(What is required)
When writing out the entries below, keep only the lines from the line with "Post 4 by 𝓛𝓮𝔁 on Instagram (video)" to the line with "1995 West Bay Sonship — photo 38", both included, exactly as they are, and leave the pictures aside.
** Opening Records supplied block **
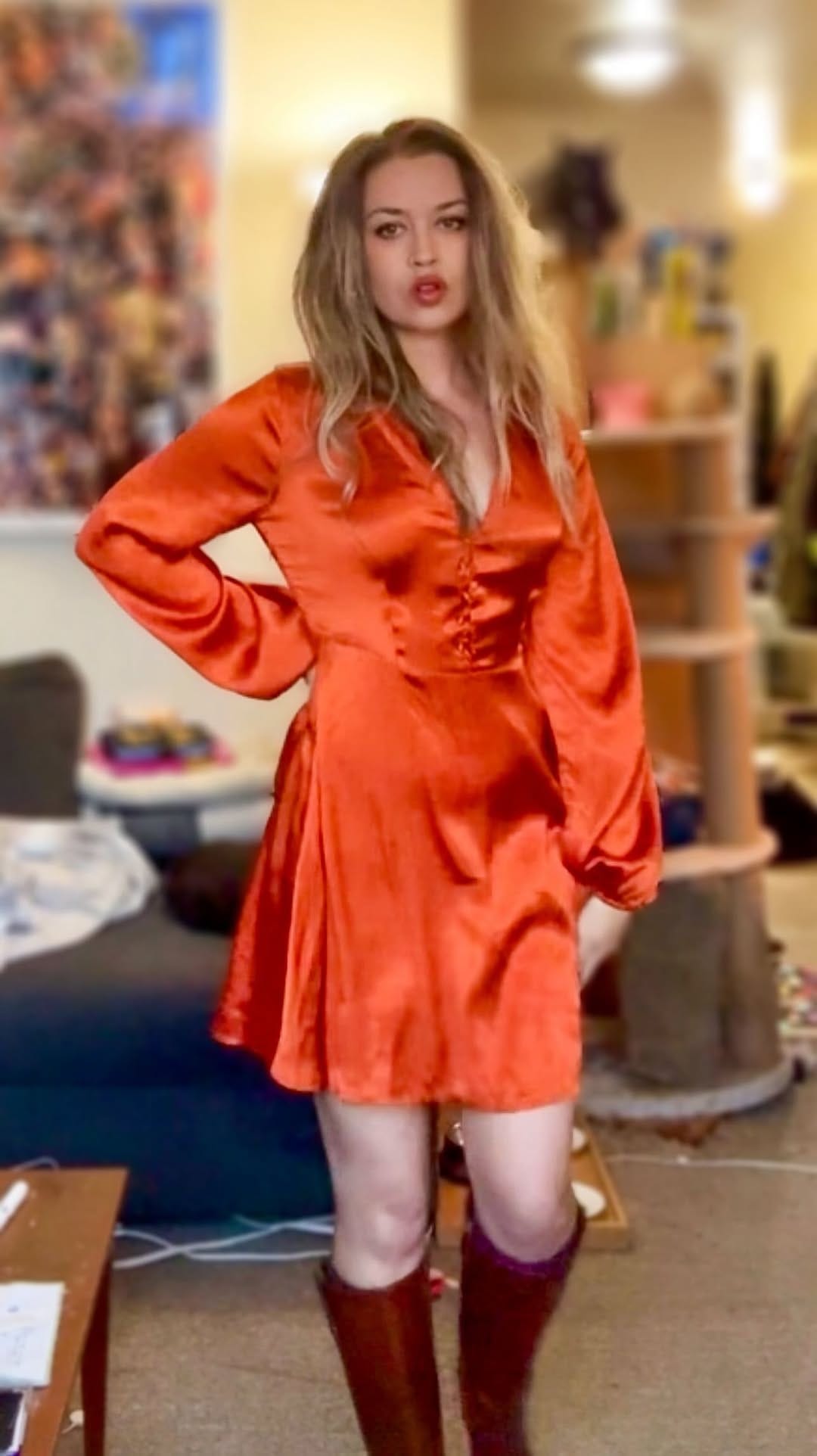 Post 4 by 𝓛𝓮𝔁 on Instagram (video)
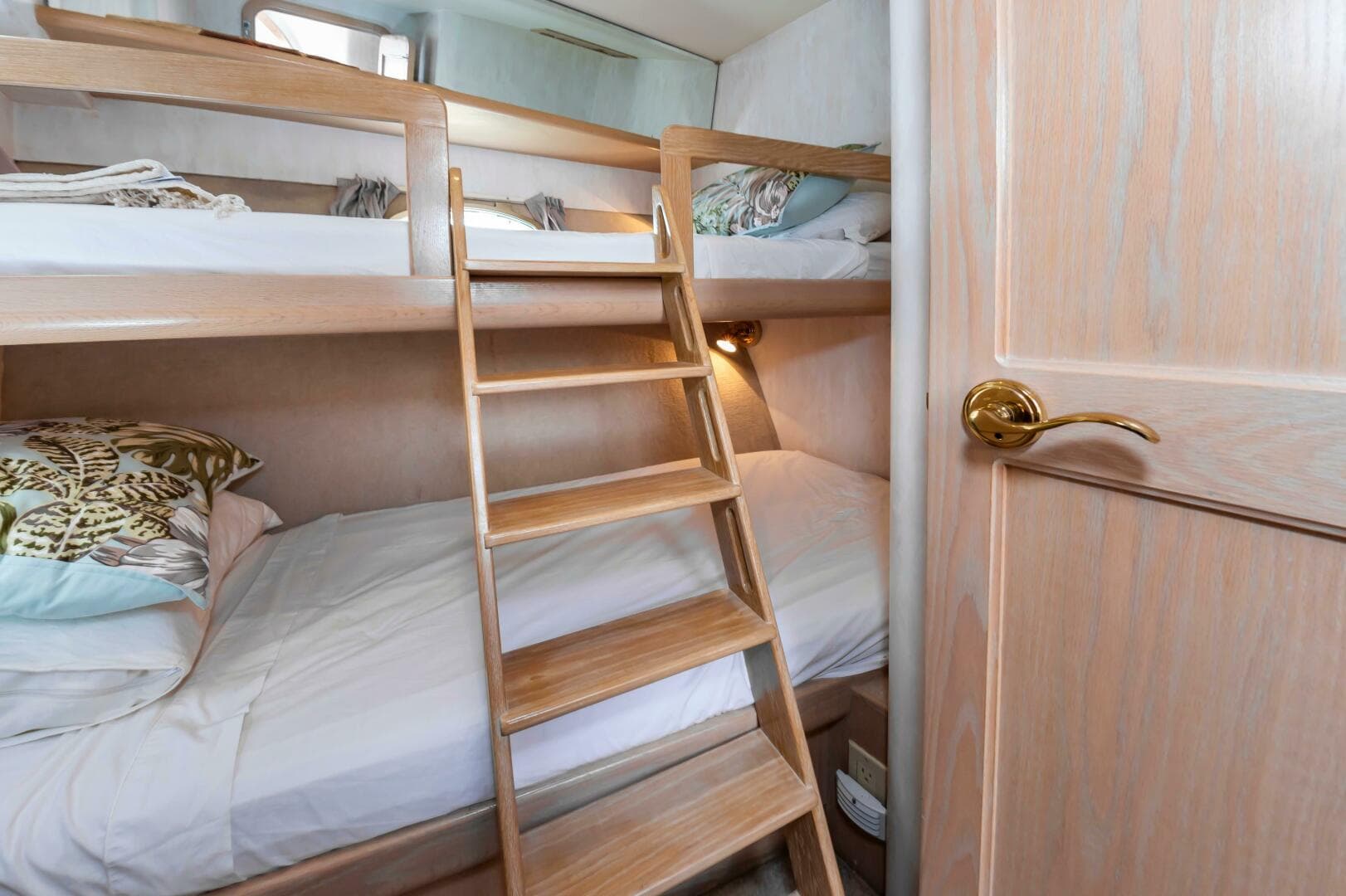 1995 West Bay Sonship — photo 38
** Closing Records supplied block **
** Opening Records supplied block **
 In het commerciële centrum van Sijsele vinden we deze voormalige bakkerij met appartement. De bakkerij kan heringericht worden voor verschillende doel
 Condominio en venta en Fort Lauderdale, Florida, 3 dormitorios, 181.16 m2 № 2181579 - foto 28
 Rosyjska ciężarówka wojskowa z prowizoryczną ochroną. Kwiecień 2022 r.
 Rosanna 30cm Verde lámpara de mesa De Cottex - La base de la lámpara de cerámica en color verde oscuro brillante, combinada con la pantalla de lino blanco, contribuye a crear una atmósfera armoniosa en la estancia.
** Closing Records supplied block **
(Answer)
 Post 4 by 𝓛𝓮𝔁 on Instagram (video)
 1995 West Bay Sonship — photo 38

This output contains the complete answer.